Many believe benefits will cover mortgages
FINANCIAL ADVISER - 12TH APRIL 2002
A fifth of mortgage holders maintain the unfounded belief that state benefits will cover their mortgage payments if they are unemployed.
An ABI survey has found that 20% of the population believe they can rely on the government for financial assistance if they are unable to work.
But state benefits to support mortgage repayments are means tested and many home owners could find themselves out in the cold. A home owner may qualify for income support, but if they took out a mortgage after October 1995 they would have to wait nine months before state repayments kicked in.
Those with loans that precede October 1995 and qualify for income support would receive nothing for the first two monthly only 50% for the next four months and then full payments for mortgages up to £100,000.
However, it is estimated that more than 70% of all mortgage borrowers would be ineligible for income support because of savings, a working partner or income from other sources.
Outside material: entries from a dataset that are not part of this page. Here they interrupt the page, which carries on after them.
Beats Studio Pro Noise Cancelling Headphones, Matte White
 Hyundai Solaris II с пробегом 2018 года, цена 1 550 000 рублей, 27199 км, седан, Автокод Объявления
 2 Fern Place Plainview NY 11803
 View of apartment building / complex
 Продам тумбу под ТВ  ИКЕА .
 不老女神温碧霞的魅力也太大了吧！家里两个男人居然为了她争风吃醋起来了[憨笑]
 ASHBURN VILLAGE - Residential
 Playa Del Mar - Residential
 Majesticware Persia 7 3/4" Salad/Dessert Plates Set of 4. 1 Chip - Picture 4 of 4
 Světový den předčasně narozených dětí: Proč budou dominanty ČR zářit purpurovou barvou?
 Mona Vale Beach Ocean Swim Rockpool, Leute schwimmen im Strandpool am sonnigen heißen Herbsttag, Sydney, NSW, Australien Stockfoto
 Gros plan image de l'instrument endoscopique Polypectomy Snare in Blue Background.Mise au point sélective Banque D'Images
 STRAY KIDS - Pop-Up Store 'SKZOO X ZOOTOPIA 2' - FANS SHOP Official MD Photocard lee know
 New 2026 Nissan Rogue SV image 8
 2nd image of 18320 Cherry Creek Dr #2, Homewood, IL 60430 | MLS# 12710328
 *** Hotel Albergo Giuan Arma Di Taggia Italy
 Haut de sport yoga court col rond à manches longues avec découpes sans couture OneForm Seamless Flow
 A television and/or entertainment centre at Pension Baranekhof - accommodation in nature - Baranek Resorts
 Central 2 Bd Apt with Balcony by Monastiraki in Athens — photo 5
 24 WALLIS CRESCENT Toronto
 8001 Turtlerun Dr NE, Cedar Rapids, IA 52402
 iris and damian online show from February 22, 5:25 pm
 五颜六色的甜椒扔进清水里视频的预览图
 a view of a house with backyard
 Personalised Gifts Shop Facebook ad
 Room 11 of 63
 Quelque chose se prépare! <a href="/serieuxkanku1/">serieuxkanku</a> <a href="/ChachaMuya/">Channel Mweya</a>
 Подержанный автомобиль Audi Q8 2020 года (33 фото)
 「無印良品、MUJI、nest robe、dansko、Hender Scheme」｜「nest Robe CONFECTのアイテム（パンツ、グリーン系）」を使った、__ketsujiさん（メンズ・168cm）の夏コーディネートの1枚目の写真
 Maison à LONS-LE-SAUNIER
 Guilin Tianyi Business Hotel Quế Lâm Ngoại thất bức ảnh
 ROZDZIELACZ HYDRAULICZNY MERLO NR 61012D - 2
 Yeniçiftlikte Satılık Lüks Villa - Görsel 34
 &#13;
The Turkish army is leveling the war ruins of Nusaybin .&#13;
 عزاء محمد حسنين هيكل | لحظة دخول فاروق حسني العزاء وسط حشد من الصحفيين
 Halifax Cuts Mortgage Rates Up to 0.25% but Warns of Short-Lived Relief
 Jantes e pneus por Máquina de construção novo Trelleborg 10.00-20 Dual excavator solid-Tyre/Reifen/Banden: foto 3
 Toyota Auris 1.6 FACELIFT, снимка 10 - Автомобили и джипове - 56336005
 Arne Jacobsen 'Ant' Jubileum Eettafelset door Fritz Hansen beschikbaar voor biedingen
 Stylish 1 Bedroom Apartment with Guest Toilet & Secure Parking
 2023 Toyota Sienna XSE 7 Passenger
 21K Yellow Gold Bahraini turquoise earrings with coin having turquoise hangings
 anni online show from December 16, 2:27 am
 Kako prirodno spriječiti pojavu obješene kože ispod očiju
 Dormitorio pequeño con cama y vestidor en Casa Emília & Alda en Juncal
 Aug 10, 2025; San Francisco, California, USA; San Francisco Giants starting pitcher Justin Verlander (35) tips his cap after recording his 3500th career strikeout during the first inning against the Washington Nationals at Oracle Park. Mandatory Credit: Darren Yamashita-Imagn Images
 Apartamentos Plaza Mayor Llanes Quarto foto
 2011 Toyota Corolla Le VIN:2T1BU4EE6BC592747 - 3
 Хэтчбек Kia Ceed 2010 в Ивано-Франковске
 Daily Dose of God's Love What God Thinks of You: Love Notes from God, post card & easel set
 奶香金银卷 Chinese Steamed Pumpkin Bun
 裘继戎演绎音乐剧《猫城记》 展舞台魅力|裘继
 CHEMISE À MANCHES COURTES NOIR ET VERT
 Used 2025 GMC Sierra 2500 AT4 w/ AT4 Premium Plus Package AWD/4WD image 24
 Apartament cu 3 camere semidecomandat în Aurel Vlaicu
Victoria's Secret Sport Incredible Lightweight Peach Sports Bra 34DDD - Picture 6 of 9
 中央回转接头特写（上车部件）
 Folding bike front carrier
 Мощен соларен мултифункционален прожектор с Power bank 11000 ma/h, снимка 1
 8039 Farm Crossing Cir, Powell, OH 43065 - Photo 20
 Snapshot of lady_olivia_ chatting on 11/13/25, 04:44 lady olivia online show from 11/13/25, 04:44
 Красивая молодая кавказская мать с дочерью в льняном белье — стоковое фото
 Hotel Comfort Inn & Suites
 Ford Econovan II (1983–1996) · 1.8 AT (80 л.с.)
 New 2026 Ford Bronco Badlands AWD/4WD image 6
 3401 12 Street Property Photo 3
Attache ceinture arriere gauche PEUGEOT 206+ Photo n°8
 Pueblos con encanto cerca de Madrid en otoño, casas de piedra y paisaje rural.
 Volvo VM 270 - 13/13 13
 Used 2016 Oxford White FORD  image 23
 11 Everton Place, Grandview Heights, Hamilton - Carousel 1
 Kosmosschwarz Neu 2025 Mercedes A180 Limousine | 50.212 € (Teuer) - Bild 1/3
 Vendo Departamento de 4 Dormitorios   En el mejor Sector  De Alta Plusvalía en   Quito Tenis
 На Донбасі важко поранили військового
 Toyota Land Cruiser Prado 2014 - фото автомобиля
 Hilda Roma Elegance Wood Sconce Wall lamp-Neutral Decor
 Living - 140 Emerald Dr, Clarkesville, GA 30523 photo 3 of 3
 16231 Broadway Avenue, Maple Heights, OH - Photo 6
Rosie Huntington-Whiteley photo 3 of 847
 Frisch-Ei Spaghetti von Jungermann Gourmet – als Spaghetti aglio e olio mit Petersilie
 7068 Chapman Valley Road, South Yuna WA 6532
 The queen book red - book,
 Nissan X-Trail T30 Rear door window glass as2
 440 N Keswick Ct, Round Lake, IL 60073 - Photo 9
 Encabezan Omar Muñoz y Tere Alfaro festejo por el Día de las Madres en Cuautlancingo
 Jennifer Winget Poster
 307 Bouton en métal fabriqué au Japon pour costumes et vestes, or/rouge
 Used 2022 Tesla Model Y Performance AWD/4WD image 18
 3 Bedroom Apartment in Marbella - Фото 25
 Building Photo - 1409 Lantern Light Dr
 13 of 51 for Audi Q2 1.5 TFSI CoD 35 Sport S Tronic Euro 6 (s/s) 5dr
But there are now at least two new products aimed at filling the gap left by means-testing.
Halifax, has lunched the Total Mortgage Protection Plan which is heralded as the next generation protection product for mortgage borrowers.
TMPP offer Halifax policyholder the choice of life Assurant, critical illness cover and accident, sickness and unemployment cover – or a combination of all three. Policyholders can adjust the level of cover as often as thy like, free of charge. They can also take the plan with them if they change their home or mortgage.
Keith Abercromby, general manger of long-term savings for Halifax said: “The product is unique, all encompassing and most importantly, totally flexible. We believe TMPP will become the industry standard.”
But other products provide greater financial security.
Simon Burgess, managing director of general insurance broker Burgesses, said the Halifax plan only covered mortgage-related costs.
Mr Burgess said: ‘Even when claims are paid, benefits are wholly inadequate and will not pay for basic needs such as food, clothing or travel costs to seek work. It does not address the need for consumers to receive adequate income protection.”
Protection specialist Burgesses has just launched Shelter which offers income protection against unemployment and disability. It provides 75% income replacement on gross earnings for up to two years.
Applicants can select up to £2500 of cover. It claims to provide £1000 a month of cover against unemployment costs for only £25 a month if payable for 12 months or £30 if benefits are to be paid for two years.
It is not necessary to have a mortgage to buy Shelter. Burgesses, claimed it can be used for rent, loans, household bills or any other purpose.
Ronald Bowes, owner of IFA Ronal Bowes & Partner, said many mortgages would find the one-stop approaches to income and mortgage protection helpful. He said: “People will find it easier to fill in one form than take out different cover separately.”